Last night we accidentally wound up too close to a big city and the interstate when it was time to stop for the night. We’ve learned that when you try to stay near a city then all the RV parks are filled with people who live there full time, so you have to stay in Walmart parking lots. We don’t like staying at a Walmart, so we just kept driving into the unknown. All 3 of the maps showed nothing but open space in central Utah. Know why? Because all that’s out there is: big, open space called “public lands.”

If they’re public lands, we figured we could probably sleep on them and run on them, so Mom pulled the car-house into a dirt parking lot next to a dirt road that went into the nowhere so that we could sleep there for the night and then run there in the morning. When we got up it was even colder than the night before. We’re California runners and freeze easily, but just like when she

made us run in the rain, Mom said that we needed to toughen up so that we could have plenty of time for adventure. So we started running down the dirt road into the emptiness.

One good thing about public lands is that they tend to follow the kinds of rules that people who don’t like rules make. So I was free to exercise my first doggie amendment right: freedom of leash!

Then again, people who don’t like any rules also tend to enjoy hunting. There were all these plastic things on the ground that Mom said were hunter droppings. Mom hoped that her red hat and my red lobster bandana would keep us safe, but she’s a suburban vegetarian liberal who follows the rules and doesn’t really know much about how hunters think. Mom thought that maybe hunters were hiding in the bushes right now waiting to shoot us. It was 7am on a Monday morning, and we were 10 miles outside of a town of 200 people, so maybe it was unlikely that a hunter would be close to us in all that wilderness. Then again, do people work office hours in the wilderness? I thought that hunters were made of people who generally didn’t want to shoot other people, so they did things to avoid it. But Mom thought that maybe hunters are like t-rexes and attack anything that moves. She thought that maybe they were also like bears and her voice would scare them away if she talked real loud. So she talked to me out loud the whole time we were running.

Another part of her hunter security plan was that I had to stay close to her. I saw a bunny and I took off after it. But then Mom made that “eh, eh, eh!” noise she makes when I have a naughty thought, and I froze, even though it meant that the bunny got away. Then she told me to “c’mere,” and I did c’mere after just a few minutes’ sniffing, and staring off after the bunny.
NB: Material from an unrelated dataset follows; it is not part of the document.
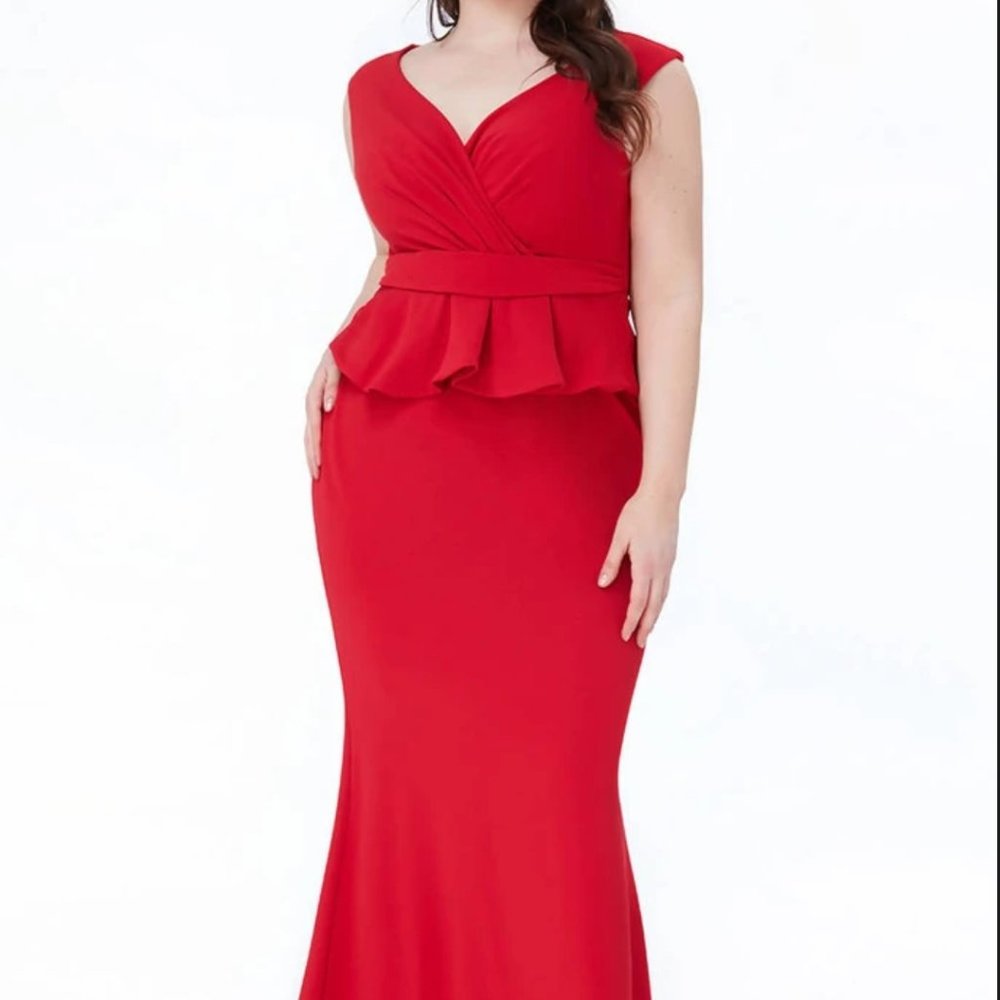 Goddva plus size red sleeveless cross over peplum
We ran just under 5 miles without getting shot, and then we hit the road. We drove higher and higher and higher all morning until finally we were so high up that there were hardly any trees and even a bit of snow. Mom had picked out a hike further along the route, but hiking up here on the roof of the world seemed so much more interesting. So she pulled over in a spot that had one of those information boards with maps that they put at the bottom of trails. But the map just showed all of Utah, and said it hadn’t been updated since 2007. We drove further up the road and found nothing but a private property sign. When I jumped out of the car for a drink and pee break, my paws sunk up to the ankles in mud. “What the heck is this?” I asked, shaking out my paw. “This is adventure, Oscar. Just… this is the part that usually gets edited out.” Well… I’m in a long-winded mood today, so now you know. “No. This is what comes when you don’t follow a plan,” I corrected her. “You wind up surrounded by all the right stuff, but unable to take advantage of it.” To get back into the car-house without my paws getting dirty again, Mom had to lift me into the driver’s seat. “Now don’t you feel silly?” I asked. “I don’t know why there would be a sign with all the forest land in Utah if there weren’t hiking nearby. It was a good guess. Give me a break.” “You’re going to ruin it. We’re going to run out of time. Let’s just go straight to the place you picked out.” “Okay, promise,” Mom said.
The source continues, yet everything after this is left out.